**AVAILABLE DATA:**
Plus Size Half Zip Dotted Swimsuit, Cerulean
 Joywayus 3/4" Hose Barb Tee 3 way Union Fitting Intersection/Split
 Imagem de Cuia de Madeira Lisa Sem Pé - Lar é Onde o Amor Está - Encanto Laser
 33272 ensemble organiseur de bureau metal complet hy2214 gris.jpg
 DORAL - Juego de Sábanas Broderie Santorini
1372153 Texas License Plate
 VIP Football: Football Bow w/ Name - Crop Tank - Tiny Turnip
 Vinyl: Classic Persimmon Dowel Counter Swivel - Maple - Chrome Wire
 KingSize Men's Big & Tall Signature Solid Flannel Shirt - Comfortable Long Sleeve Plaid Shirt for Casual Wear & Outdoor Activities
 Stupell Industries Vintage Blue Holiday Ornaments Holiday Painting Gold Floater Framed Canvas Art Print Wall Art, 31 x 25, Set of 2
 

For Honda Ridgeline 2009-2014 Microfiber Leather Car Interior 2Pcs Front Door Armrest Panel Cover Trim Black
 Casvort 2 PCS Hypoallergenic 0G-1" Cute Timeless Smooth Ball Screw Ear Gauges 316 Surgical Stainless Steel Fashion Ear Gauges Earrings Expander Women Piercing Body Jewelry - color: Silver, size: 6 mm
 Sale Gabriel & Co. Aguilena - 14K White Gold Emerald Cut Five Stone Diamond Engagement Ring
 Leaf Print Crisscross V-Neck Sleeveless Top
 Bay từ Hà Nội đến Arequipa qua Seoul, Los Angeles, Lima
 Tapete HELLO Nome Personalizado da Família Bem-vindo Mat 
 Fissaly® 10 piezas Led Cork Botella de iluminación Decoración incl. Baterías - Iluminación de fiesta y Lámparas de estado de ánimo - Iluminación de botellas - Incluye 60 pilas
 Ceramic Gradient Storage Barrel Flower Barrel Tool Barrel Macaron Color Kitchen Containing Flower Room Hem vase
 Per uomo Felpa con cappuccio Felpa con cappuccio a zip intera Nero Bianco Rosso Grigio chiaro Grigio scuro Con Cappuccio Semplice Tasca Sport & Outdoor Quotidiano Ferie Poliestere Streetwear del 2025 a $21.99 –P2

**DIRECTIONS FOR THIS TASK:** Copy back the listing above exactly, but only from the line with "Union Fitting Intersection/Split" through the line with "KingSize Men's Big", both ends included.

**ANSWER SPACE:**
 Joywayus 3/4" Hose Barb Tee 3 way Union Fitting Intersection/Split
 Imagem de Cuia de Madeira Lisa Sem Pé - Lar é Onde o Amor Está - Encanto Laser
 33272 ensemble organiseur de bureau metal complet hy2214 gris.jpg
 DORAL - Juego de Sábanas Broderie Santorini
1372153 Texas License Plate
 VIP Football: Football Bow w/ Name - Crop Tank - Tiny Turnip
 Vinyl: Classic Persimmon Dowel Counter Swivel - Maple - Chrome Wire
 KingSize Men's Big & Tall Signature Solid Flannel Shirt - Comfortable Long Sleeve Plaid Shirt for Casual Wear & Outdoor Activities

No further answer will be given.